A wave of independent films sweeps over the 77th Cannes Film Festival
Kaveree Bamzai Kaveree Bamzai | 17 May, 2024
Scenes from All We Imagine as Light
IN 1976, SMITA PATIL and Shabana Azmi walked the red carpet clad in handloom sarees, accompanied by their director Shyam Benegal. The film being premiered was Nishant, the second in Benegal’s village trilogy. Manya Patil Seth, Smita’s younger sister, remembers the actor preparing for the Cannes Film Festival.
Ten years later, Patil was dead, from complications in childbirth. Yet says Manya, she is always amazed at how Smita’s “name has an enduring life in our collective memory for the extraordinary films and the people who were her comrades”. This week, as Manya, her sister Anita Patil-Deshmukh, a public health advocate; Smita’s son, actor Prateik Babbar; actor Naseeruddin Shah; Verghese Kurien’s daughter Nirmala; and film archivist Shivendra Singh Dungarpur walk the red carpet at the premiere of Manthan, they will celebrate a remarkable actor in a film that has been restored painstakingly over 18 months.
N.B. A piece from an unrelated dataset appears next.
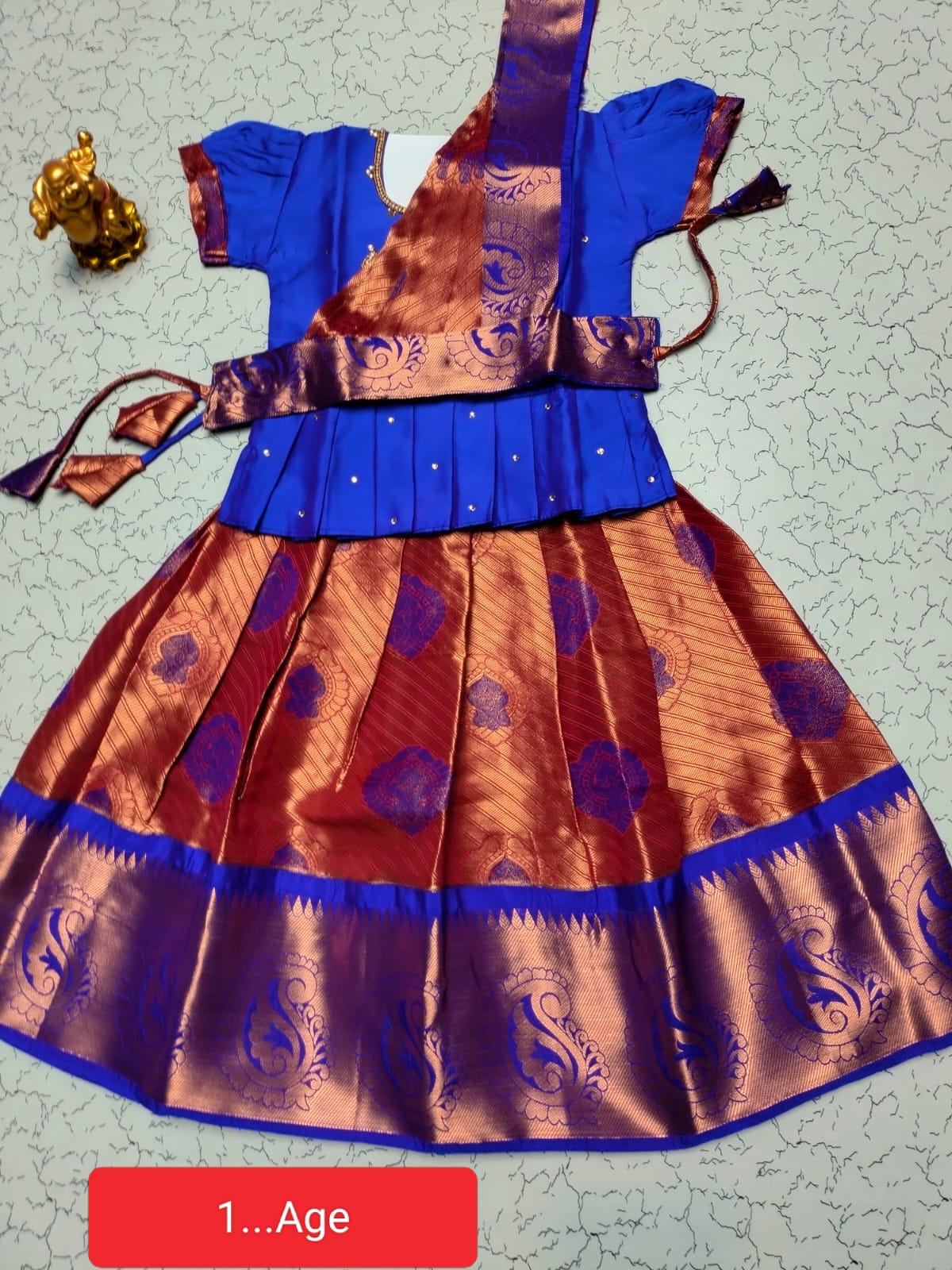 Traditional Pattu Pavadai Set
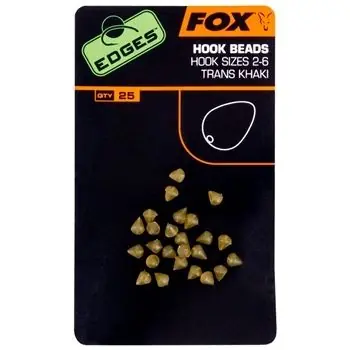 Fox Edges Hook Bead Maat 7-10 Khaki Bestseller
Benegal, 89, and on dialysis, won’t be attending.
Manthan, funded by 5,00,000 dairy farmers of Gujarat who contributed ₹2 each, tells the story of the cooperative milk revolution in Sanganva, Gujarat, through the eyes of a veterinarian (the late Girish Karnad, playing a version of Kurien) and the villagers led by Bindu (Smita Patil) and Bhola (Naseeruddin Shah). Its print, restored by Dungarpar’s Film Heritage Foundation, will be one of seven films from India at the festival, marking a change from recent years where fashion influencers and brand ambassadors overshadowed cinema.
The star of the indie invasion at the 77th edition of the Cannes Film Festival (May 14 to 25) from India is Payal Kapadia’s All We Imagine as Light, which is in Competition, the first Indian film to break a 30-year jinx in this section. Kapadia, daughter of artist Nalini Malani, has been to Cannes before, with her documentary, A Night of Knowing Nothing, loosely based on protests at her alma mater, Film and Television Institute of India (FTII), Pune. It won the Golden Eye for Best Documentary at Cannes in 2021. Meenakshi Shedde, independent curator, who has been working in South Asian programming with the Berlin, Toronto and Mumbai film festivals, is all praise for Kapadia, who she says is emblematic of the new indie wave.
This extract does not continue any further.